Des étudiants inscrits en Licence 3 au Département d’Histoire, option Archéologie, ont réussi à transformer le minerai de fer en métal. Le procédé a été utilisé depuis des millénaires. Mais, c’est la première fois que cette technique a été reconstituée. La reconstitution de la chaîne de transformation a nécessité la fabrication d’un four avec des matériaux locaux capables de créer une température de 1.500 degrés Celsius.
L’archéologie expérimentale est en marche au Département d’Histoire de l’Université Cheikh Anta Diop de Dakar. Des étudiants en Licence 3, en se fondant sur leurs connaissances théoriques, ont reconstitué la chaîne de production du fer. Le préalable, c’est la fabrication d’un four de combustion. Ils ont ainsi construit un four en terre avec l’argile de termitière. Ce dernier, alimenté par du charbon collecté auprès des forgerons, est muni d’un système d’aération dans sa partie inférieure. Le four mesure 1 mètre avec des diamètres variant entre 60 et 80 cm.
Les matières entrant dans la construction ont influencé sur le produit. Parce qu’il faut, avant tout, obtenir une température requise pour espérer avoir au bout de la chaîne le fer. « Le four est construit avec de l’argile. La combustion a été obtenue avec le charbon recueilli auprès des forgerons. J’insiste sur ces détails parce que nous n’avons pas utilisé n’importe quel minerai », explique Lamine Kâ. Son camarade Raymond Nassalan ajoute une couche de détails aux procédés de construction d’un four. L’argile, dit-il, doit être mélangée avec de la bouse de vache ou de la paille, à défaut d’avoir l’argile des termitières. Mais, il faillait surtout maîtriser le système de ventilation, sans quoi l’obtention de la température sera compromise. « Avant de mettre le minerai et le charbon, il fallait laisser des espaces pour la ventilation. C’est après tout cela que nous avons abouti à ce que le professeur a recommandé », ajoute Saly Sagne. Le four est bordé de 4 tuyères avec une porte principale pour l’aération.
Le fer au bout de la chaîne
La ventilation est un facteur déterminant dans la réussite de la réduction. « Il faut comprendre que la réduction constitue l’épine dorsale de la métallurgie du fer.
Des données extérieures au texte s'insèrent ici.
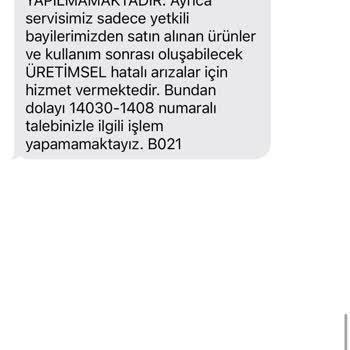 Amazon'da Satın Aldığım Termosun Garanti Sorunları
C’est une opération chimique pendant laquelle le réducteur utilisé (oxyde de carbone) agit sur l’oxyde du minerai de fer pour donner le métal. On sait que la température souhaitée pour la réduction se fait très bien à 1.520 degrés, c’est pourquoi nous avons aménagé 4 tuyères », expliquent les concepteurs. La chaîne opératoire est complexe. Mais, ces étudiants sont parvenus aux objectifs recherchés. « On a fini par trouver du fer. Ce n’est pas facile du tout. C’était un travail très difficile. C’est la première fois que nous le faisons », se réjouit Saly Sagne. C’est une première dans l’histoire du Département d’Histoire de l’Ucad : que des groupes reconstruisent la chaîne opératoire de fabrication du fer aidant à comprendre comment l’homme, durant les différentes périodes de l’évolution de l’humanité, a su maîtriser la métallurgie. « Les recherches ont montré que pour avoir du cuivre, une température minimale de 800 à 1.035 degrés Celsius est nécessaire. Or, pour le fer, il faut 1.500 degrés Celsius. Donc, l’obtention du fer nécessite plus de technicité. C’est une première dans l’archéologie expérimentale », revendique Raymond Pascal Nassalan. Le charbon de « forgeron » a été utilisé en lieu et place du charbon de bois, car, selon les enseignants du Centre de formation artisanale (Cfa), la réduction du minerai de fer en métal exige un charbon spécifique. Les analyses réalisées sur le produit fini ont confirmé que c’est bien du fer.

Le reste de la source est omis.